Dolayısıyla Tanzimat Fermanı Doğu’da bir grup yeni isyanı daha tetiklemiştir. Cizre-Botan Bölgesinde gerçekleşen Bedirhan Bey isyanı ve Müküs-Hakkari bölgesinde gerçekleşen Mahmut Han isyanı bu isyanların en büyük ve en etkili olanlarıdır. 1839 ve 1847 yılları arasında bu iki büyük isyan da bastırılmıştır. 1847 yılına Bedirhan Bey isyanı bastırılarak kendisi ve ailesi sürgüne gönderilmiştir. Bu tarihten itibaren Yavuz Sultan Selim döneminde Kürt Beyleri ve Osmanlı İmparatorluğu arasındaki anlaşma da son bulmuştur. Geriye bu beyliklerin eski egemenlik alanlarının nasıl düzenleneceği sorunu kalmıştır. Osmanlı İmparatorluğu bu bölgeyi doğrudan Osmanlı İmparatorluğu idari sistemine dahil etmek istemiştir.

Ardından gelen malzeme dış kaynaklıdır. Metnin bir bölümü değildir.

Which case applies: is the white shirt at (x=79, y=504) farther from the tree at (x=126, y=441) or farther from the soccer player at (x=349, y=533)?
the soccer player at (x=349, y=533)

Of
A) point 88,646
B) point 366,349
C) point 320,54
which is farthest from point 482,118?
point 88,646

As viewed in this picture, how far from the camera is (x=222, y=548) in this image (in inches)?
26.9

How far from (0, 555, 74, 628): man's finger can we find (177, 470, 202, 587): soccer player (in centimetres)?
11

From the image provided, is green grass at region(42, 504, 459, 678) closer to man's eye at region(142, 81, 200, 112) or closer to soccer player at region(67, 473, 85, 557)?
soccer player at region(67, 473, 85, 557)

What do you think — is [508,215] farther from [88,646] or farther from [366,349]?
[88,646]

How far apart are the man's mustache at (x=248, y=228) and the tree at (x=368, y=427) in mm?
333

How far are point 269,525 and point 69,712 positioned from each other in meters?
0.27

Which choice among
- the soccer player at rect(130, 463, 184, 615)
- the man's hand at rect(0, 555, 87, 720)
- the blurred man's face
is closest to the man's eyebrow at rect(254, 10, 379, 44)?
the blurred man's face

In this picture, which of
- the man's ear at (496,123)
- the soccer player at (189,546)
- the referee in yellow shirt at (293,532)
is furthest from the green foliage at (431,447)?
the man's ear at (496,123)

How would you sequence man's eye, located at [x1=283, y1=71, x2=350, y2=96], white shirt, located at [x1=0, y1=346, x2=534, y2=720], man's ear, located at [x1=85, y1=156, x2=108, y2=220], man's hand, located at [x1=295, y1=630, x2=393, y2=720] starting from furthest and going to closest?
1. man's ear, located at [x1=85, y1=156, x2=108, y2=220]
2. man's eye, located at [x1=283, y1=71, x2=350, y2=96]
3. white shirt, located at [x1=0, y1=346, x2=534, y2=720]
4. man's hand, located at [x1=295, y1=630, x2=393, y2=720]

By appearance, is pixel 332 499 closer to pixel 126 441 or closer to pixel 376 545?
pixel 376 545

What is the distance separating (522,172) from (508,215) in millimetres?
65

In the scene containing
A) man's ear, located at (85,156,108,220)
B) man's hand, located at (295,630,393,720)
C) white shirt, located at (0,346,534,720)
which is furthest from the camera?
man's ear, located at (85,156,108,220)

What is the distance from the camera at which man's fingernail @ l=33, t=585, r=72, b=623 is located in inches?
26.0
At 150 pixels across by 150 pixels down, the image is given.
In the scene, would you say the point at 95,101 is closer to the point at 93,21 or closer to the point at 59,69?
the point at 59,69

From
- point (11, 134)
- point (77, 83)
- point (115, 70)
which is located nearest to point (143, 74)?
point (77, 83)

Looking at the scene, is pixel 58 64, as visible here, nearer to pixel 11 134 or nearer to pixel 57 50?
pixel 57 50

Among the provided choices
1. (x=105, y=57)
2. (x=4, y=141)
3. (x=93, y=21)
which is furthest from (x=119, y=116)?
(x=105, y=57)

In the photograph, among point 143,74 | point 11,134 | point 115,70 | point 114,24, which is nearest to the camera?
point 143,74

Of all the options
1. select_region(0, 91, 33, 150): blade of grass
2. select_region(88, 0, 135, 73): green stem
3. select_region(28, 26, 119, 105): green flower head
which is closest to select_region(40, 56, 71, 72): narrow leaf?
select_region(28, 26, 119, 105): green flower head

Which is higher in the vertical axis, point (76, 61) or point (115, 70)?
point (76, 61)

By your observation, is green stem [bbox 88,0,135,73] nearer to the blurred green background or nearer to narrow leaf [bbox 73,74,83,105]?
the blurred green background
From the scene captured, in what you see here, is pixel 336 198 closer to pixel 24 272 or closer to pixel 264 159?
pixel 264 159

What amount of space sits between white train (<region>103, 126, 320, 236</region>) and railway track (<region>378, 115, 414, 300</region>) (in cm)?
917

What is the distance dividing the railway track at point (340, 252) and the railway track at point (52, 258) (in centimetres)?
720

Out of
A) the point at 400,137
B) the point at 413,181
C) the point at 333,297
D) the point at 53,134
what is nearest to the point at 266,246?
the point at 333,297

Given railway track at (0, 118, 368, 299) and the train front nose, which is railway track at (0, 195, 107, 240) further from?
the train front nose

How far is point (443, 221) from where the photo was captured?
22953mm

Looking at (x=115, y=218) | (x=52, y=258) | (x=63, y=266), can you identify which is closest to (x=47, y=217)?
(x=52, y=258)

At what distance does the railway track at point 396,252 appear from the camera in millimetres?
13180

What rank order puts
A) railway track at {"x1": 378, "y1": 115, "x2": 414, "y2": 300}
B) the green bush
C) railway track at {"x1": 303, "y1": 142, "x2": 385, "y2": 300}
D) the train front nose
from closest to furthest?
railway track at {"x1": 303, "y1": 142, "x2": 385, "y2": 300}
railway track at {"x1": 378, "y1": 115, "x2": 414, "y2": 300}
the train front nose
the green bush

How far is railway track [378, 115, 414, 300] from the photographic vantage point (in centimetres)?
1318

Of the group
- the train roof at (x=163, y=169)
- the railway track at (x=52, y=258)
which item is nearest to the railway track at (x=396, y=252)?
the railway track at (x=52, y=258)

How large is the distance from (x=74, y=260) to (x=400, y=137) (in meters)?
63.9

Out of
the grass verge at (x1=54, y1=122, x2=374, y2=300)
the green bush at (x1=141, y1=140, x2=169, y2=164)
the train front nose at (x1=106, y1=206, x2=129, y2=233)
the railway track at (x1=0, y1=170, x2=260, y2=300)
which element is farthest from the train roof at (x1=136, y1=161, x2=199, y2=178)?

Dönemin Osmanlı arşivlerine bakıldığında bu eski egemenlik bölgesinin “Kürdistan Eyaleti” olarak Osmanlı İmparatorluğuna bağlanması kararlaştırıldığı görülür. 1847 yılında kurulan Kürdistan Eyaleti doğrudan merkezden atanan valiler tarafından yönetilecektir.
Doğu Medreseleri
Doğu medreseleri Osmanlı ve Cumhuriyet modernleşme sürecinde değişimler yaşamıştır. Beylikler döneminde ya beylerin kendisi ya da toplumun yönetici tabakasını oluşturan hayır sahibi kişiler tarafından vakıflar kurulur ve medreselerin giderleri bu vakıflardan elde edilen gelirlerle karşılanırdı. 1813 yılında Şirvan Beyleri üzerine yazılmış olan bir kitapta 17. ve 18. yüzyılda Şirvan bölgesinde beyler tarafından kurulmuş olan medreselerle ilgili bilgiler de yer alır. Buna göre, medreselerin mutfak ve yakacak ihtiyaçları beyler tarafından karşılanmaktadır.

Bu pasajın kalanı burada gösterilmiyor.